Data below:
______________________________

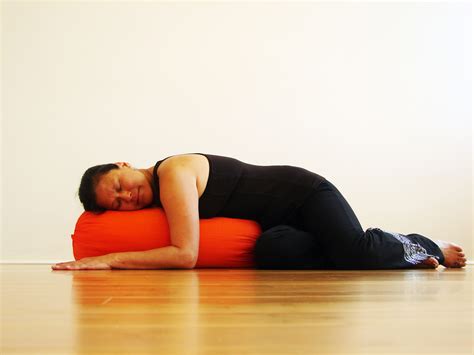 What is Therapeutic Yoga? - Yoga Bloom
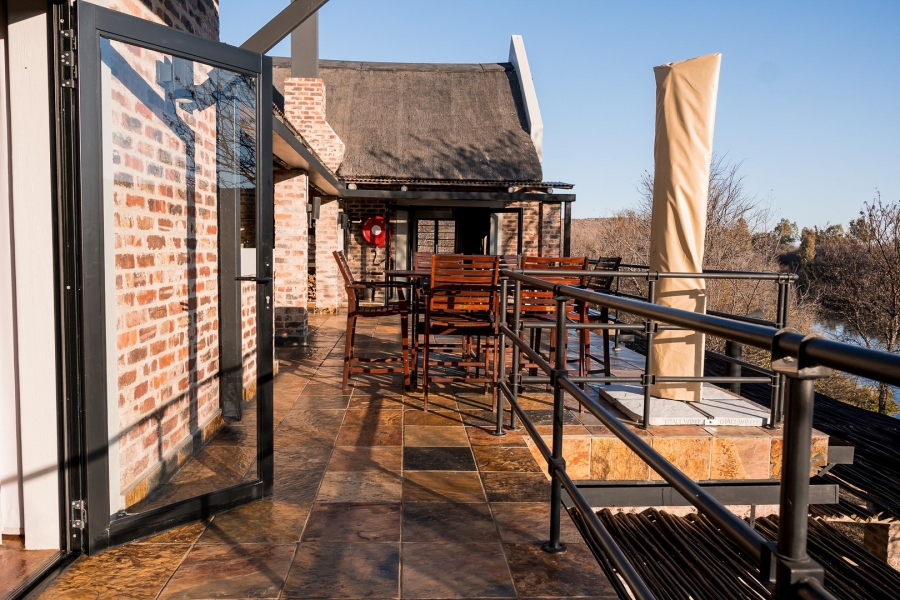 8 Bedroom Property for Sale in Potchefstroom Rural North West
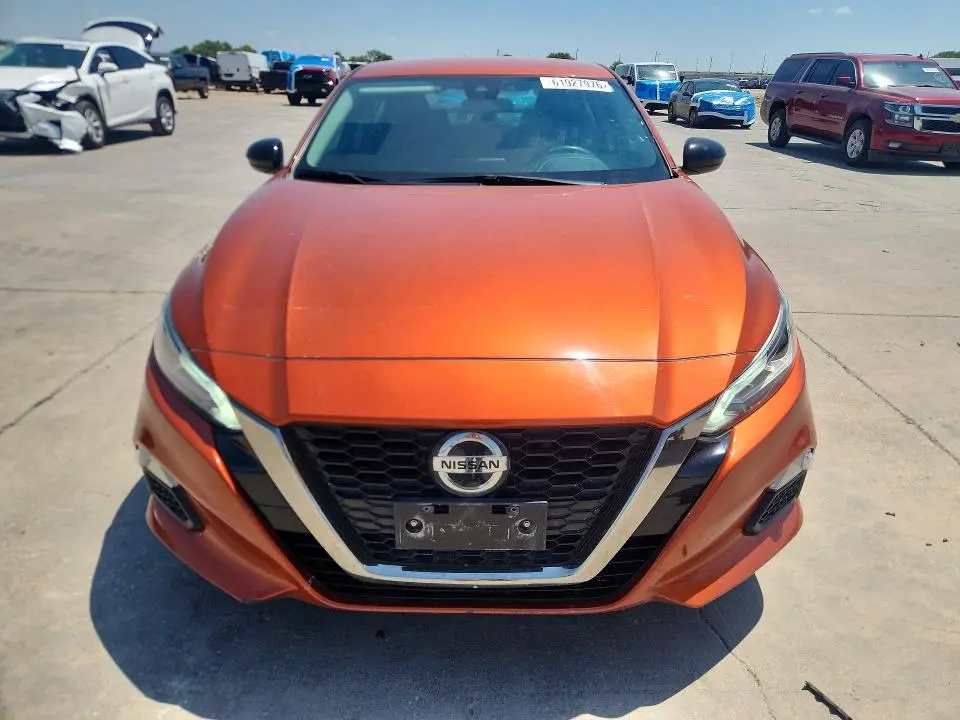2021 NISSAN ALTIMA SR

______________________________

Instructions for the task:
Repeat nothing but the lines from the one containing "8 Bedroom Property" through the last line of the listing, both included, exactly as written, and omit any picture.

Output:
 8 Bedroom Property for Sale in Potchefstroom Rural North West
2021 NISSAN ALTIMA SR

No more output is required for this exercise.